### DESCRIPTION OF THE TASK
When the line containing "Diane von Furstenberg" is found in the data below, copy it and each line after it through the line containing "Expand Properties and Select All Columns", exactly and with no others.
- Opening Delimiter -
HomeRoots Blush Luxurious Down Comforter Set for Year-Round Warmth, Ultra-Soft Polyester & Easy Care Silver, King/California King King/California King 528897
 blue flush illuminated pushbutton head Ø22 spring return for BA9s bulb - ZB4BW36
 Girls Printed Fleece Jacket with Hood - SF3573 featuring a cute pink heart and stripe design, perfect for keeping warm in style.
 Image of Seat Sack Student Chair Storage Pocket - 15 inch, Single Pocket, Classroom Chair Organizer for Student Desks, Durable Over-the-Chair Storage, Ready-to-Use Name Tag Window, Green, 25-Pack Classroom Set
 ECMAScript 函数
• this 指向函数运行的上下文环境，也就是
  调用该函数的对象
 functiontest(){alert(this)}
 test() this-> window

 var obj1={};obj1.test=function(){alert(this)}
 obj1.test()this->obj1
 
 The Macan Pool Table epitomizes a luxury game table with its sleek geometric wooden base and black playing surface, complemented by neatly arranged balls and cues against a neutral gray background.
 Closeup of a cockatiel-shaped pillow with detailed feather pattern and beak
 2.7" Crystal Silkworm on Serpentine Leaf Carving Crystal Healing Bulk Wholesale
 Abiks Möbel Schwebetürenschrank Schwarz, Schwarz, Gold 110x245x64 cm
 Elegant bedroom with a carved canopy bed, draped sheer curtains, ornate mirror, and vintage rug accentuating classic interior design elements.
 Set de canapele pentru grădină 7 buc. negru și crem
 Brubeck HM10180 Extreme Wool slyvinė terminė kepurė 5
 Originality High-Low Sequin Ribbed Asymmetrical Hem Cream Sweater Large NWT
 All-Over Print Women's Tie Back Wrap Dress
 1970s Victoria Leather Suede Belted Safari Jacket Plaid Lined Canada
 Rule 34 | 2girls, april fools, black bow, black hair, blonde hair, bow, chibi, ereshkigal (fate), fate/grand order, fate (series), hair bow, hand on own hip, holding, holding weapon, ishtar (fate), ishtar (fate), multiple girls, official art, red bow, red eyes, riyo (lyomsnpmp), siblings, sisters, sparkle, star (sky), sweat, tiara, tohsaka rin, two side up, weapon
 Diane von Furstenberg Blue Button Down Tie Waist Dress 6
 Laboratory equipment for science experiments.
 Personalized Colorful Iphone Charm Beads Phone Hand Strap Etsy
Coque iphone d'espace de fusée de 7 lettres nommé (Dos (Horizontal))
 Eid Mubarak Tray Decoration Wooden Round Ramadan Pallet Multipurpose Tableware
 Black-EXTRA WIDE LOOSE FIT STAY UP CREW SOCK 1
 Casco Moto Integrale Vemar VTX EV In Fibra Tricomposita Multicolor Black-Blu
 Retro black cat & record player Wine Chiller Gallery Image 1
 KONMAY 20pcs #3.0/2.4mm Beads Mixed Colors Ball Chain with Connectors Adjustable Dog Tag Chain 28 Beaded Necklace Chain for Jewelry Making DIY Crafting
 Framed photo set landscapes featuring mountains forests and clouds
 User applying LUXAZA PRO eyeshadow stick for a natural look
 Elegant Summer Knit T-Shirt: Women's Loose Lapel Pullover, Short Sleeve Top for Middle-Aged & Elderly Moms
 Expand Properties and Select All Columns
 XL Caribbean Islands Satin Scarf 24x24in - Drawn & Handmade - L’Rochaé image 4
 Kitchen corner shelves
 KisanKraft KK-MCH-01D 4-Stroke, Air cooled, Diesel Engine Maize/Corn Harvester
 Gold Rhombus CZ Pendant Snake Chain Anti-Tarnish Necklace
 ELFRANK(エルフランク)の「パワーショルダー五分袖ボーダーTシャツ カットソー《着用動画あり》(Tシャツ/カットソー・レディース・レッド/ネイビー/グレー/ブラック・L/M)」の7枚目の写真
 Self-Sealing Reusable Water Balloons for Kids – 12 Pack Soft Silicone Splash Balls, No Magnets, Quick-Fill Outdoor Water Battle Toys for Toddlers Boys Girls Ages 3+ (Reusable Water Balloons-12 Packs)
- Closing Delimiter -
### EXERCISE RESPONSE
 Diane von Furstenberg Blue Button Down Tie Waist Dress 6
 Laboratory equipment for science experiments.
 Personalized Colorful Iphone Charm Beads Phone Hand Strap Etsy
Coque iphone d'espace de fusée de 7 lettres nommé (Dos (Horizontal))
 Eid Mubarak Tray Decoration Wooden Round Ramadan Pallet Multipurpose Tableware
 Black-EXTRA WIDE LOOSE FIT STAY UP CREW SOCK 1
 Casco Moto Integrale Vemar VTX EV In Fibra Tricomposita Multicolor Black-Blu
 Retro black cat & record player Wine Chiller Gallery Image 1
 KONMAY 20pcs #3.0/2.4mm Beads Mixed Colors Ball Chain with Connectors Adjustable Dog Tag Chain 28 Beaded Necklace Chain for Jewelry Making DIY Crafting
 Framed photo set landscapes featuring mountains forests and clouds
 User applying LUXAZA PRO eyeshadow stick for a natural look
 Elegant Summer Knit T-Shirt: Women's Loose Lapel Pullover, Short Sleeve Top for Middle-Aged & Elderly Moms
 Expand Properties and Select All Columns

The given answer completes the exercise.